* [The task]: What you return should be exactly the lines from the one containing "[UNISEX] BOX N.O.N" down to the final line of the listing, with nothing else.
Segment Start: Records for processing
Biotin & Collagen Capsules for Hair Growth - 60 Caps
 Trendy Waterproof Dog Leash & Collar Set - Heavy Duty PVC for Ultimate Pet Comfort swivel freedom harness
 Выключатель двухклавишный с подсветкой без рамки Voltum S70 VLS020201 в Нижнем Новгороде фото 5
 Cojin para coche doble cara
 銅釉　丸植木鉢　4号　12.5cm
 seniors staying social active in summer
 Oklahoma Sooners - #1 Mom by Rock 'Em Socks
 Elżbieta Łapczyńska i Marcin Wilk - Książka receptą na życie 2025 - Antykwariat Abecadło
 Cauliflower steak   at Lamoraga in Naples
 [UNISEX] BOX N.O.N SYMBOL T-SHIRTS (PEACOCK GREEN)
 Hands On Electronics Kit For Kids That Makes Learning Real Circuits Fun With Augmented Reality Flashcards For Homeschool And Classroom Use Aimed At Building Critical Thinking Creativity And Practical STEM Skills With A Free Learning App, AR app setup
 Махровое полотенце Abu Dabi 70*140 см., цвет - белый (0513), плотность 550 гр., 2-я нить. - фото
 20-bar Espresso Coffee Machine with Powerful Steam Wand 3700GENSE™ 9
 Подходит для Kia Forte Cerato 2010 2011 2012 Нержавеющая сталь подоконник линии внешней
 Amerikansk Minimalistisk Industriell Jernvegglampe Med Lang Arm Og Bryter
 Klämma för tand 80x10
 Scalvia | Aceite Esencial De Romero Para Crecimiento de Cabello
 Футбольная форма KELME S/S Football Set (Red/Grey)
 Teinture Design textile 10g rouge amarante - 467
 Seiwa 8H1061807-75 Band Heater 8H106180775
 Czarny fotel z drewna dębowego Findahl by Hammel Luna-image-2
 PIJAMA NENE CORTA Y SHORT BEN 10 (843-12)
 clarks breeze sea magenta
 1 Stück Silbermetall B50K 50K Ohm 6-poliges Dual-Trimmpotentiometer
Segment End: Records for processing
* [Response below]:
 [UNISEX] BOX N.O.N SYMBOL T-SHIRTS (PEACOCK GREEN)
 Hands On Electronics Kit For Kids That Makes Learning Real Circuits Fun With Augmented Reality Flashcards For Homeschool And Classroom Use Aimed At Building Critical Thinking Creativity And Practical STEM Skills With A Free Learning App, AR app setup
 Махровое полотенце Abu Dabi 70*140 см., цвет - белый (0513), плотность 550 гр., 2-я нить. - фото
 20-bar Espresso Coffee Machine with Powerful Steam Wand 3700GENSE™ 9
 Подходит для Kia Forte Cerato 2010 2011 2012 Нержавеющая сталь подоконник линии внешней
 Amerikansk Minimalistisk Industriell Jernvegglampe Med Lang Arm Og Bryter
 Klämma för tand 80x10
 Scalvia | Aceite Esencial De Romero Para Crecimiento de Cabello
 Футбольная форма KELME S/S Football Set (Red/Grey)
 Teinture Design textile 10g rouge amarante - 467
 Seiwa 8H1061807-75 Band Heater 8H106180775
 Czarny fotel z drewna dębowego Findahl by Hammel Luna-image-2
 PIJAMA NENE CORTA Y SHORT BEN 10 (843-12)
 clarks breeze sea magenta
 1 Stück Silbermetall B50K 50K Ohm 6-poliges Dual-Trimmpotentiometer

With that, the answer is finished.